Цвета были строго постоянными и фиксированными с самого раннего детства. А появились они спонтанно. Их невозможно изменить ни усилием воли, ни воображением. Майклу эти цвета кажутся абсолютно естественными, можно даже сказать – предписанными. Цвета высокоспецифичны. Например, соль минор не просто «желтая», она цвета охры или гуммигута. Ре минор напоминает «кремень или графит»; фа минор – «землистая, похожая на пепел». Майкл с трудом подбирает подходящие слова. С равным успехом он бы подбирал название для краски или цветного мела.

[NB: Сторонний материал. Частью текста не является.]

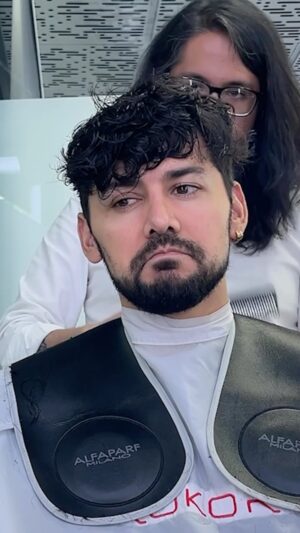 Miguel Martínez Instagram - 💇🏻✂️Yo sufriendo y @oficialmariachacon intentando darme ánimos 🥹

Цвета мажорных и минорных тональностей всегда находятся в некотором соотношении друг с другом (например, соль минор имеет приглушенный охристый цвет, а соль мажор – ярко-желтый цвет). Но в остальном сам Майкл затрудняется вывести какую-то систему или какое-то правило, по которому каждой ноте ставится в соответствие определенный цвет. Одно время Майкл думал, что эти ассоциации навеяны игрушечным пианино, на котором он играл в раннем детстве, – у пианино были разноцветные клавиши, но сам композитор сейчас их уже не помнит. Кроме того, у него слишком много цветных ассоциаций (четырнадцать для мажорных и минорных ладов, еще полдюжины для тональностей), чтобы это объяснение можно было считать правдоподобным. Кроме того, некоторые ключи имеют странные оттенки, которые сам Майкл затрудняется описать, так как никогда не видел их в реальной жизни[72].

Когда я спросил Майкла, как именно он видит цвета, он ответил, что видит их светящимися. Они прозрачны и ярко светятся, сказал он, «как экран», но они ни в коем случае не мешают ему ясно видеть окружающую реальность. Я спросил его, что будет, если он увидит голубой ре мажор на фоне желтой стены – увидит ли он зелень? Нет, ответил Майкл, внутренние, синестетические, цвета никогда не смешиваются с внешними красками. Но субъективно они выглядят реально, как настоящие.

Цвета, связанные с тональностями, Майкл видит неизменными уже в течение сорока лет или больше. Ему любопытно, не присутствовали ли эти цвета с самого рождения, или определились, когда он уже пожил на свете первые дни и недели. Точность и устойчивость синестетических цветов Майкла неоднократно проверяли, и каждый раз они оказывались одними и теми же.

Он не видит цветов, связанных с отдельными нотами или интервалами. Не видит он никакого цвета, когда берут, скажем, квинту. Квинта, говорит Майкл, двусмысленна, она как таковая не связана ни с какой тональностью. Для появления цвета должны прозвучать мажорное или минорное трезвучие или последовательность нот, достаточных для суждения о ее характере. «Все упирается в тональность». Важен, однако, и контекст. Так, Вторая симфония Брамса в ре мажоре голубая, но один пассаж – в си миноре – охра. Этот пассаж будет все же выглядеть голубым, если прозвучит в контексте всей симфонии, но если его сыграть или вообразить отдельно, то он будет выглядеть охристым.

Больше всего в детстве Майкл любил Моцарта и Вивальди, и больше всего ему нравилось, как они оба пользовались тональностями. «Они делали это чисто, скупо, используя простую палитру». Позже, став подростком, он обожал Шопена, Шумана и немецких композиторов-романтиков, правда, своими прихотливыми композициями они предъявляли высокие требования к синестезиям Майкла.